===== Records shown =====

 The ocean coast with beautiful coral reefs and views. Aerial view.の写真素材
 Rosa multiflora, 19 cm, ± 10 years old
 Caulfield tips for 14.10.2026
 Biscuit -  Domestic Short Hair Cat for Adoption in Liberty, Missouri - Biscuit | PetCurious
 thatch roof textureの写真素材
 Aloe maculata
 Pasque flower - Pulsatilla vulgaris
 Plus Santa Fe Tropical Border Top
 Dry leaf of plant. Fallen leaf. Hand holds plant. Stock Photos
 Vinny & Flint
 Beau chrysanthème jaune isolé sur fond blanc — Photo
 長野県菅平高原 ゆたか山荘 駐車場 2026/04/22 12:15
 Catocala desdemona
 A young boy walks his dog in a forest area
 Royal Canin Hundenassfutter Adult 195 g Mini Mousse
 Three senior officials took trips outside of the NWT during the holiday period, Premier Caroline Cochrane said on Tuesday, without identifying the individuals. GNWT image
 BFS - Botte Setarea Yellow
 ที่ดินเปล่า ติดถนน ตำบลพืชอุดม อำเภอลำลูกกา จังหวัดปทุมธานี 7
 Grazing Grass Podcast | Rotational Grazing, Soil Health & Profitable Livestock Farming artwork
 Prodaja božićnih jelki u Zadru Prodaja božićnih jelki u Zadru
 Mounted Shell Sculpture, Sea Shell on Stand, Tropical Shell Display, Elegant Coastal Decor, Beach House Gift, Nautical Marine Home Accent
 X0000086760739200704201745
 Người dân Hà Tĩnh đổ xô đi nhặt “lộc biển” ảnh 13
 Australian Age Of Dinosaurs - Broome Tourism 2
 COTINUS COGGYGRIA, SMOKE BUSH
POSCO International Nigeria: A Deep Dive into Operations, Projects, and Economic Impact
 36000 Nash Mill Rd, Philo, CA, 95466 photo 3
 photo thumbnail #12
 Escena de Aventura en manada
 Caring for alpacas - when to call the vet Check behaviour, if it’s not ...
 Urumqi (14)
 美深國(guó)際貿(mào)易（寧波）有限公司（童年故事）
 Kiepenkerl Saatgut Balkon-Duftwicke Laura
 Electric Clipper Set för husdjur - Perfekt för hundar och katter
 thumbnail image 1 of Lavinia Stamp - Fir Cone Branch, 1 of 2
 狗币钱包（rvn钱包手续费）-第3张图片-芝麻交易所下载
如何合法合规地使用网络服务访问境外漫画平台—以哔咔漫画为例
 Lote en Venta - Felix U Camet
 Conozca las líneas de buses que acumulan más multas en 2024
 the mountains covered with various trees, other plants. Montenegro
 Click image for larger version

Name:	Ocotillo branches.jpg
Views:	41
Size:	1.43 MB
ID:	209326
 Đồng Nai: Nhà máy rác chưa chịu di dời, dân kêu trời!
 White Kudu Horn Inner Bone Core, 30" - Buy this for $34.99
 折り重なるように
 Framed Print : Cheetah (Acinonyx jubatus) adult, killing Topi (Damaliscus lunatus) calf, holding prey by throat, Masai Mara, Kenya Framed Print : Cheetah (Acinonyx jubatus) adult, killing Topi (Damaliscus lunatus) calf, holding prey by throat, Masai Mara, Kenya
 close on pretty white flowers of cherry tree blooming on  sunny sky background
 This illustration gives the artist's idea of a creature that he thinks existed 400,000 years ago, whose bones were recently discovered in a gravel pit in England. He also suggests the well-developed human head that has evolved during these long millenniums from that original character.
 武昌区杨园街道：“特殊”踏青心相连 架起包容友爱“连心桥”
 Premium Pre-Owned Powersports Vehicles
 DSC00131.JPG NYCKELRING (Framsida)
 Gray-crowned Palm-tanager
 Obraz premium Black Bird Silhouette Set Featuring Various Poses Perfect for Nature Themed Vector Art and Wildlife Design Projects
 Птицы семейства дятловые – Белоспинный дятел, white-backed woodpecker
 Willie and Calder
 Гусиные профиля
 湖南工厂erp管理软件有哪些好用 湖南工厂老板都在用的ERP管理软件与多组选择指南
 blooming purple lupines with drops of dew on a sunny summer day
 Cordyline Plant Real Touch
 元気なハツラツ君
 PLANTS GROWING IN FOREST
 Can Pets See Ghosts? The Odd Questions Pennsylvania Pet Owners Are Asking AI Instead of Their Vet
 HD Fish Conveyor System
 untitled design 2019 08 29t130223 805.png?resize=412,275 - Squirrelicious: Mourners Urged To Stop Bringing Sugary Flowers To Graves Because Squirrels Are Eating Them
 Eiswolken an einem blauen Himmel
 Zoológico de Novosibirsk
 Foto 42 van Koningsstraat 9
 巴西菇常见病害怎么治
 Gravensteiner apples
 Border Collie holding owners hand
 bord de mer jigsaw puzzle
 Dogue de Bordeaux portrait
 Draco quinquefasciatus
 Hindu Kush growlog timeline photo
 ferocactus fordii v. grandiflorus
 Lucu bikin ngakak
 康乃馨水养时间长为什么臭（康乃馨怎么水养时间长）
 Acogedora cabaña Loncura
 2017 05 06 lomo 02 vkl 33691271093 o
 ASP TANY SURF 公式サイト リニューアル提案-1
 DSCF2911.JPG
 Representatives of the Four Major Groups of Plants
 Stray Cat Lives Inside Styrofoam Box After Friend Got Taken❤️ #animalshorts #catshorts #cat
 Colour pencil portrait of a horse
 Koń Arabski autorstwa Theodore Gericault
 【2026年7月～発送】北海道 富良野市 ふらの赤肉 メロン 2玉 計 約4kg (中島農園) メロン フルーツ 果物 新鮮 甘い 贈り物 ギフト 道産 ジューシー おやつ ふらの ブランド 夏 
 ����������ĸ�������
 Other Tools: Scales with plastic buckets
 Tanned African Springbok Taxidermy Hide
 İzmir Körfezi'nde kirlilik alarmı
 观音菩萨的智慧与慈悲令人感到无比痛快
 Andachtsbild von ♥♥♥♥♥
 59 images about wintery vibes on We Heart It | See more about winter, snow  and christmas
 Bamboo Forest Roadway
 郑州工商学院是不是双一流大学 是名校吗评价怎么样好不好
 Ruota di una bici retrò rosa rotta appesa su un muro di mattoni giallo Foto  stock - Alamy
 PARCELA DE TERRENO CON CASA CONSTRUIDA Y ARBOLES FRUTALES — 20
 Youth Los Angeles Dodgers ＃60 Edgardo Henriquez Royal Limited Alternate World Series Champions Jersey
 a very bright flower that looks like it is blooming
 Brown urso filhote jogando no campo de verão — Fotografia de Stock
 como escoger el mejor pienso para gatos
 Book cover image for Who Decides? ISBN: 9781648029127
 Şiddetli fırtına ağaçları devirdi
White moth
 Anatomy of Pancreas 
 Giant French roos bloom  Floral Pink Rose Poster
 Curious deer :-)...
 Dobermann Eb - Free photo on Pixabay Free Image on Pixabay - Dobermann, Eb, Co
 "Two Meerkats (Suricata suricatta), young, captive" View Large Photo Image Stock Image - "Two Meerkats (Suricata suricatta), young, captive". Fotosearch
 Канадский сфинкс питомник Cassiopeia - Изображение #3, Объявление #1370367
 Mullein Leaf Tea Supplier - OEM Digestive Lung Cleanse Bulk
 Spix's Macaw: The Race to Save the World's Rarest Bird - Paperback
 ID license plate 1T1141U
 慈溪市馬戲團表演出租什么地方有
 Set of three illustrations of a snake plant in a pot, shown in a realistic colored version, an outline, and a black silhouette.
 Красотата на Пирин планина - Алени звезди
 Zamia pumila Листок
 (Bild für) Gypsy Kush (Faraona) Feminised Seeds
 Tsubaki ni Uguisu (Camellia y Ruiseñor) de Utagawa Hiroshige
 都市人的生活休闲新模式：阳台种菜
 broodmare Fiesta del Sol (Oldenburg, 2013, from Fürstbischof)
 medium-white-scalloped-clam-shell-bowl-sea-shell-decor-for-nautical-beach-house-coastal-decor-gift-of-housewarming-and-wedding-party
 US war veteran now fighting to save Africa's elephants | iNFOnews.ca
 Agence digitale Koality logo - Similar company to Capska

=====

» **Your assignment**: In the lines above, find the word "from" and copy every line it occurs in.

» **Result of this exercise**:
 This illustration gives the artist's idea of a creature that he thinks existed 400,000 years ago, whose bones were recently discovered in a gravel pit in England. He also suggests the well-developed human head that has evolved during these long millenniums from that original character.
 broodmare Fiesta del Sol (Oldenburg, 2013, from Fürstbischof)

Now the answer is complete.